Public liability insurance
Cycling UK does not want anyone to face barriers if they decide to cycle somewhere, and this includes making third party liability insurance compulsory. We have already stressed that cyclists do little harm to others, and are less likely to contribute to a collision than the driver of any car involved. Also, given their vulnerability, most do not ride negligently because they are more than likely to come off worse in a collision with a motor vehicle than its driver or passengers.
Nonetheless, we encourage cyclists to take out public liability insurance in the unlikely event that they do cause injury or damage to anyone else or any property in a road traffic incident. All our members, in fact, are automatically covered up to £10 million, and we offer a discounted rate to members of affiliated groups.
Our views on ‘presumed liability’ are also relevant here. This helps correct for the imbalances in power and vulnerability among road users in the context of liability for injury or damage to third parties, and is the approach taken in the majority of European countries.
In 1935, Toronto introduced a bylaw requiring residents who owned and used bicycles on the city’s highways to buy a licence for their bikes. It was, necessarily, a complicated system, and involved much paperwork, visits to police stations, bike inspections etc. In 1957, the bylaw was repealed, with the City stating that it “… often results in an unconscious contravention of the law at a very tender age” and noting the poor public relations it caused between police officers and children.
On occasion since then, the city has thought about reintroducing the bylaw, but has each time rejected the idea, mainly citing how difficult it is to keep the database up to date and license children, and its basic failure to modify the kind of behaviour it wanted to target.
Very early in its cycling history in the 1890s, Switzerland obliged all cyclists to purchase a metal bicycle licence plate unique to the bike and its owner, both of which were thereby registered. This was an expensive and complicated system (involving either the municipality or the police), and was replaced by the mandatory Velo-Vignette in 1989.
Purchasing a Velo-Vignette, a self-adhesive sticker, was compulsory and covered cyclists with third party liability insurance. The stickers were valid from 1 January one year to 31 May the next, and non-compliance was penalised with a fine. Obligatory registration and the central registry dealing with it was disbanded, however.
The Velo-Vignette was finally abolished from 1 January 2012 (except for e-bikes capable of exceeding 25 km/h). Its high cost and administrative burden had been repeatedly questioned and 90% of cyclists were found to be covered by private liability insurance in any case.

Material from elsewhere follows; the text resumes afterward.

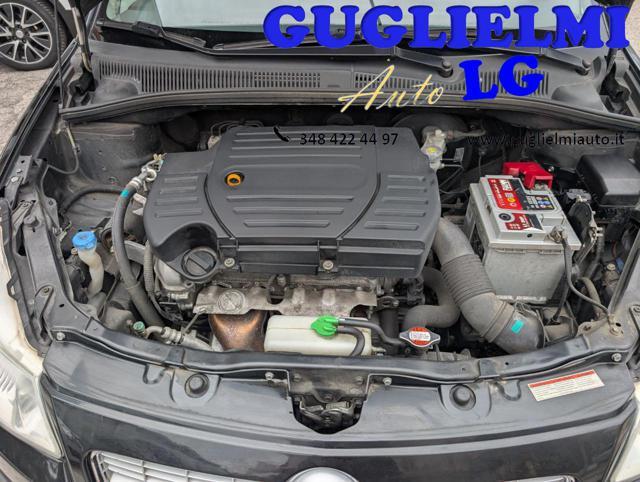 FIAT Sedici 1.6 16V 4x4 Emotion + NAVI/BLUETOOTH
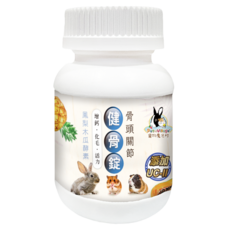 Pet Village 魔法村 小動物骨頭關節化毛健骨錠, 60顆, 550mg, 1罐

Unjustified claims that virtually all cyclists misbehave themselves on the roads often trigger calls for them to pay their ‘fair share’ of ‘road tax’.
This is illogical for many reasons: i.e. as we know, there is no such thing as ‘road tax’, but VED based on fuel type and CO2 emissions; VED revenue goes into general taxation (at least at present), and has little bearing on road user behaviour; cyclists do very little physical damage to the roads; and most are also drivers and/or income/council taxpayers who contribute financially to national and local road maintenance and infrastructure anyway.
The prospect of a new ‘Road Fund’ from 2020, financed by VED revenue for new cars, is of some concern to Cycling UK, however. This move could breathe more life into the argument that ‘cyclists don’t pay road tax’, making it all the more important to address the negative stereotyping and misunderstandings that cycling unfortunately attracts from some sections of the public and media.